Wednesday, June 10, 2020

One Son, One Story of Race in America

6/9/20 

I was grating a raw beet, and Max was slicing mushrooms.  We were making veggie burgers, from a New York Times recipe—a long and complicated list of ingredients no one without his own personal chef would have on hand.  The recipe’s supposed to take three and a half hours to complete, including two hours for chilling, but at the rate Max is going, we won’t be eating dinner until 9 pm.  Talk, talk, talk— does he need a pill to make him focus on what he’s doing? 

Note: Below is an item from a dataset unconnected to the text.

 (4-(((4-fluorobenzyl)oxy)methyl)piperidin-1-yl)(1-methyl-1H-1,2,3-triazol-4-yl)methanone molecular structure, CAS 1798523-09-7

“No, I don’t need it,” he says.  “I can focus without it … “
I return to my beet.  Suddenly he blurts out: “Did you notice that all of the judges on MasterChef are white?  I think there’s only been one Latino.”  He’s practically memorized all 10 seasons of the show.  “And almost all of the winners are white, too.“  

I stop peeling.  So far he’s avoided the issue of race.  “Really?  Wow.  I bet that’s true.”   Then I pause.  “I wonder how many of the contestants are people of color?  Or how many even apply?”  I want to believe the proportions make sense, the judges themselves aren’t biased.  That blacks and Latinos simply don’t apply.  But then I wonder, “Why not?”  Does racism operate even before a child's dreams make themselves known?
“Six out of ten of the winners are white.  Just one of them was African American.” 

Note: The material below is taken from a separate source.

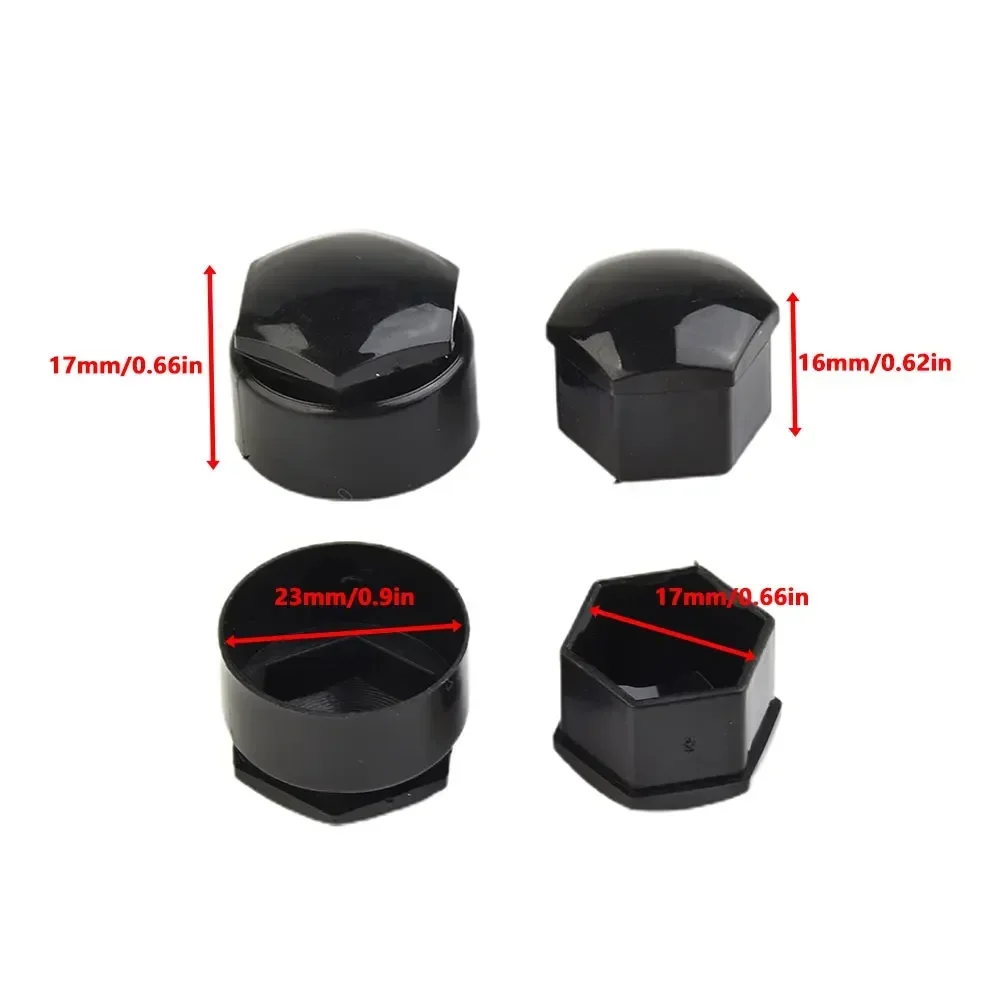 17 MM Black Wheel Nut Bolt Trim Studs Cover Cap For Opel For BMW Plastic Car Wheel 17MM 0.66in Bolts Or Nut 24pcs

“That’ too bad,” I say.  Pause.  He has sliced about 6 mushrooms so far.  “But I don’t think we can talk and get this recipe done at the same time.  We have to choose one or the other.”  

I see the look of disgust cross his face. “Forget I said it.”
  
“It’s important stuff to talk about, “ I hastened to add. “Let’s talk about it later. “

He puts his head down.  “I just need to talk to you.  There’s important stuff going on in my life.” 

I sigh, put both the beet and the peeler on the counter, and turn toward him.  “What’s going on?” 

“My friends say I seem sad.  Not my usual happy-go-lucky self.  I tell them I’ve gone to the dark side.  I’m in a dark place.”
I must look doubtful. My bubbly son?
“I wish I could die.  I don’t want to be here anymore.” 

I feel a squeezing in my chest.  “You seem angry …” 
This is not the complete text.